Is There Such A Thing As Evil? One Pagan’s Perspective

Is There Such A Thing As Evil? One Pagan’s Perspective July 21, 2020

What is evil? Does it even exist? Are there evils spirits or “Forces of Evil”?

This isn’t a question most Pagans spend a lot of time worrying about. Many of us are non-dualists. Many more are unhappy with the way some other religions use the label of “evil” to avoid taking a serious look at unpleasant events and unpleasant people.

But I’ve heard the subject discussed a couple of times on recent podcasts (which I won’t name because they promote conspiracy theories). And beyond that, the matter of evil is a universal human question – sooner or later we’re going to be confronted with it.

So I’ve been thinking about evil.

Our tendency for binary thinking

I don’t know if binary thinking is rooted in the workings of our brains or if it’s simply a product of our evolutionary environments. Possibly the first, definitely the second.

If you’re a pre-modern-human hunter-gatherer without the capacity for language (say, homo habilis), you don’t need a detailed and nuanced taxonomy of animals. You need to know “this animal I can eat” and “that animal will eat me.” The ability to make quick binary decisions – before you either miss out on your dinner or become dinner – is literally the difference between life and death.

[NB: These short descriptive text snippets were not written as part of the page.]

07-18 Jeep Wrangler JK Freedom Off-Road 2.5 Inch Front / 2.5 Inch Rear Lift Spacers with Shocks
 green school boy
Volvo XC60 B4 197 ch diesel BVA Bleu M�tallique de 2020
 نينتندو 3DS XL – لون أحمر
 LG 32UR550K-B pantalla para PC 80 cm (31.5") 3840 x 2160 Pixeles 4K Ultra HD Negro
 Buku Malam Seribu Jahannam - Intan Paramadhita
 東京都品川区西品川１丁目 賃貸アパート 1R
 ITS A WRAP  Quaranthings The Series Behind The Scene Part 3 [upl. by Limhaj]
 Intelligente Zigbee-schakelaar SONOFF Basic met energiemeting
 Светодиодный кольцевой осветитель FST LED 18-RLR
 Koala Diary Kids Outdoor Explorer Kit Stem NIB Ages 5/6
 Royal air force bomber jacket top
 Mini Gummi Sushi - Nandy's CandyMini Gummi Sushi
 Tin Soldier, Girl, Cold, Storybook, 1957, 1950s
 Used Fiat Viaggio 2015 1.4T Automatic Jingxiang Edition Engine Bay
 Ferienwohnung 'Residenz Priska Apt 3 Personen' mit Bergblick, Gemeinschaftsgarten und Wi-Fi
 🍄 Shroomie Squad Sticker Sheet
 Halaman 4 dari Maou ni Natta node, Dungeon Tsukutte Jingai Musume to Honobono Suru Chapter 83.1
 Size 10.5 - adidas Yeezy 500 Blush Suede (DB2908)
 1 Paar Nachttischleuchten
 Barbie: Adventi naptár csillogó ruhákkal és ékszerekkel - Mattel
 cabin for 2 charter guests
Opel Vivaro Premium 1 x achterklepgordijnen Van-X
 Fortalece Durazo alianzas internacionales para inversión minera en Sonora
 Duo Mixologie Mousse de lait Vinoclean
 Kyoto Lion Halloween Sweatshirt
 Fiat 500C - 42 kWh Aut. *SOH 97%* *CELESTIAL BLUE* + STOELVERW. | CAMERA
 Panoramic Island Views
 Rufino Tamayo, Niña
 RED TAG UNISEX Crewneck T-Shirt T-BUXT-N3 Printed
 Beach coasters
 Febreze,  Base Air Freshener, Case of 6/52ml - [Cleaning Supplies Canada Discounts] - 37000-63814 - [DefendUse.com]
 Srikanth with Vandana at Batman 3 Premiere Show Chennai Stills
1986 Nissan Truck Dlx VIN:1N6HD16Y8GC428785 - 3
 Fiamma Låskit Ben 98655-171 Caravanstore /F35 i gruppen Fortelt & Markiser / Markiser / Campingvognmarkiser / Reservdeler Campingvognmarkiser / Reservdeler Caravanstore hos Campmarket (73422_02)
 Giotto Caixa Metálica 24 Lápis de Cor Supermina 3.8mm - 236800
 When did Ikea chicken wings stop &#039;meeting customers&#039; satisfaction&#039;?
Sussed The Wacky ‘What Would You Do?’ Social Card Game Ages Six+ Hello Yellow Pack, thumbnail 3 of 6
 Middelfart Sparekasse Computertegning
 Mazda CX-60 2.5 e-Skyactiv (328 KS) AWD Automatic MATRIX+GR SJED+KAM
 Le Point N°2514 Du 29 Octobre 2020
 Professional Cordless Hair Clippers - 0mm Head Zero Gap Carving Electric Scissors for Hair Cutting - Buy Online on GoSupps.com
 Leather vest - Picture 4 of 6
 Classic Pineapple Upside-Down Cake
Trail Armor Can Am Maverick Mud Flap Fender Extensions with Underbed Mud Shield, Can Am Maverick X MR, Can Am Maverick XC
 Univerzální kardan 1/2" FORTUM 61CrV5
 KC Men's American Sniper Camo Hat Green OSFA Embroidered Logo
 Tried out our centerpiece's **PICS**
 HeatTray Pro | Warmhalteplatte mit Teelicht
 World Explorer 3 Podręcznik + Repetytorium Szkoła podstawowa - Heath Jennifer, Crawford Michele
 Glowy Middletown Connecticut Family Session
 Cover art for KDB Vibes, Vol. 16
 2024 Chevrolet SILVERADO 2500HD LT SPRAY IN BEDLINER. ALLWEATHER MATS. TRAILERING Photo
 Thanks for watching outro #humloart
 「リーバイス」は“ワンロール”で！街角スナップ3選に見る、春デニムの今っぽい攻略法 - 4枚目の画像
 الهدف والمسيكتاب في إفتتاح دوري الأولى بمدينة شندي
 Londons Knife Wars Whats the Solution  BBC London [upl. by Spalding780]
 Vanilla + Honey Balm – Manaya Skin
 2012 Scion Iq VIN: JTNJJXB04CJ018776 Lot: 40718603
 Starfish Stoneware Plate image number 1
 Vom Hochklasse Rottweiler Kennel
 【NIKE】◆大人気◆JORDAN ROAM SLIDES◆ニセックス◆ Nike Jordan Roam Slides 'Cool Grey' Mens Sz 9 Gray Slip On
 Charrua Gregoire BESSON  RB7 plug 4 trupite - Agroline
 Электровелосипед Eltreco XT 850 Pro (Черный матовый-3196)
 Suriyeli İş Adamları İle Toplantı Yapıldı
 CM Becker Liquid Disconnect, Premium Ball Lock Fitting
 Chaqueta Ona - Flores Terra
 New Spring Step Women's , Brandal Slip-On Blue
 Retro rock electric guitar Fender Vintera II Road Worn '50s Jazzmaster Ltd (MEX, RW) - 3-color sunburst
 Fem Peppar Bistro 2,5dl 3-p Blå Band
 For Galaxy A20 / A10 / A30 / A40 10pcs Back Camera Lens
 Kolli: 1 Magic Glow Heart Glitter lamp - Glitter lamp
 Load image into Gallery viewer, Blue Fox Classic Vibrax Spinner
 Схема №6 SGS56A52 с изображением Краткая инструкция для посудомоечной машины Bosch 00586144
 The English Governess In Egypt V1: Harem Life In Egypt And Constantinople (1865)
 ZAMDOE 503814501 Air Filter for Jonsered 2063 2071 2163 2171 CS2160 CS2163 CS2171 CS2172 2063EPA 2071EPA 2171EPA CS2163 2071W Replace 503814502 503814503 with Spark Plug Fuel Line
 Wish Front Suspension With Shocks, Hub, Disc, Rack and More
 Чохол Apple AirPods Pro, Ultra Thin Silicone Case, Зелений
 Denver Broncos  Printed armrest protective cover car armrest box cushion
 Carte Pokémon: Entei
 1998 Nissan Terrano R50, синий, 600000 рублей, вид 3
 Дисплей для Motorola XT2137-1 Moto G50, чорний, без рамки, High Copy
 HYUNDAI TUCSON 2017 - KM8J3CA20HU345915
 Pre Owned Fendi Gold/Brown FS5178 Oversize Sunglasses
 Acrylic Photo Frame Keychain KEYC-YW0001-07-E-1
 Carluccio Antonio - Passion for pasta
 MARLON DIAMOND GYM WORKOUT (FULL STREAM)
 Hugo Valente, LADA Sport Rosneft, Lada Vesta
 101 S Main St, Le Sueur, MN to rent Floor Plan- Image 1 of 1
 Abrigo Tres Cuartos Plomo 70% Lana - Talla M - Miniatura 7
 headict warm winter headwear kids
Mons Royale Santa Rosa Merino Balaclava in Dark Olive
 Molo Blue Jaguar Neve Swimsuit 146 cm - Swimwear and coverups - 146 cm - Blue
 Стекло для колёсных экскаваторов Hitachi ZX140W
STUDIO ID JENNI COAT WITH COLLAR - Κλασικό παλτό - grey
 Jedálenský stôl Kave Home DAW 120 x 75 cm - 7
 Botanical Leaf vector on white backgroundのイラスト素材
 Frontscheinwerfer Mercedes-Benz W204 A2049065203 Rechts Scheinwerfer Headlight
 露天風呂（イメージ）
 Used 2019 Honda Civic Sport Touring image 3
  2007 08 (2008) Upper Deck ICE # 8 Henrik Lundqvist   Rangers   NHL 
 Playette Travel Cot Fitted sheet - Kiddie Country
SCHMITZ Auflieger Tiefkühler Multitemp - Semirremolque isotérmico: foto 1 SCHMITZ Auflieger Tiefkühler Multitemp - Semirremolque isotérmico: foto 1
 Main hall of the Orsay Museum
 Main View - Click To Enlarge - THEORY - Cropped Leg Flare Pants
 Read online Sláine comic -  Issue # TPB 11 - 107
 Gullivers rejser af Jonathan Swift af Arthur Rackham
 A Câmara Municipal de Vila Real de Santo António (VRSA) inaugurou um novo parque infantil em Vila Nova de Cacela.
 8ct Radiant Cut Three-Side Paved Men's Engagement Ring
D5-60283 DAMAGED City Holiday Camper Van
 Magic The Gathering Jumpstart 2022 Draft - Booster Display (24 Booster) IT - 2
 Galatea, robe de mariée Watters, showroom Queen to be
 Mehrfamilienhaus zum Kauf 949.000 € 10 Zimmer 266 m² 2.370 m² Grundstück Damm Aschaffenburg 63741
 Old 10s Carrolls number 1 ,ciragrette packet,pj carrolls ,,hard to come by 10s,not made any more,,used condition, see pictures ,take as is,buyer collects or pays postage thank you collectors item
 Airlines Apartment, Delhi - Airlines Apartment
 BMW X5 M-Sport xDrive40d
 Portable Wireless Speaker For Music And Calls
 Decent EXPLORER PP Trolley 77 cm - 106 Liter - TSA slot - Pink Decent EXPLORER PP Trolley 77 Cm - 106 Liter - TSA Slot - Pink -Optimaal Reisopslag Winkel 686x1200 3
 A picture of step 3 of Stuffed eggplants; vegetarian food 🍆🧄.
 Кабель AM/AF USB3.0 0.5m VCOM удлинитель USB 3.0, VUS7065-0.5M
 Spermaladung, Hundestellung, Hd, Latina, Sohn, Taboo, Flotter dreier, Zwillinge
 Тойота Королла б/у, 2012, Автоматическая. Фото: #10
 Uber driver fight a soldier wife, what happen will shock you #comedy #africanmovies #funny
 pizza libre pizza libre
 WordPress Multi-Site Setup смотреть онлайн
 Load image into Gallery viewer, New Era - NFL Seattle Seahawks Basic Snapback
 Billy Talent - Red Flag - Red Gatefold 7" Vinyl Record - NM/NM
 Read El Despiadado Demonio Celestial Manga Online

We aren’t so very different ourselves. How many times have you heard someone talk about whether an activity is “safe” given the Covid-19 pandemic, usually in the context of “if it’s safe to do X then it’s safe to do Y.” This ignores the fact that nothing is 100% safe (nor, for that matter, 100% dangerous). There are only degrees of risk, and degrees of necessity.

So it’s no surprise that we tend to divide things into “good” and “evil”.

Our tendency for human-centered thinking

I think most people – and certainly most Pagans – understand that hurricanes and grizzly bears aren’t evil. They may cause death and destruction, but they’re just part of Nature, doing what their nature is to do.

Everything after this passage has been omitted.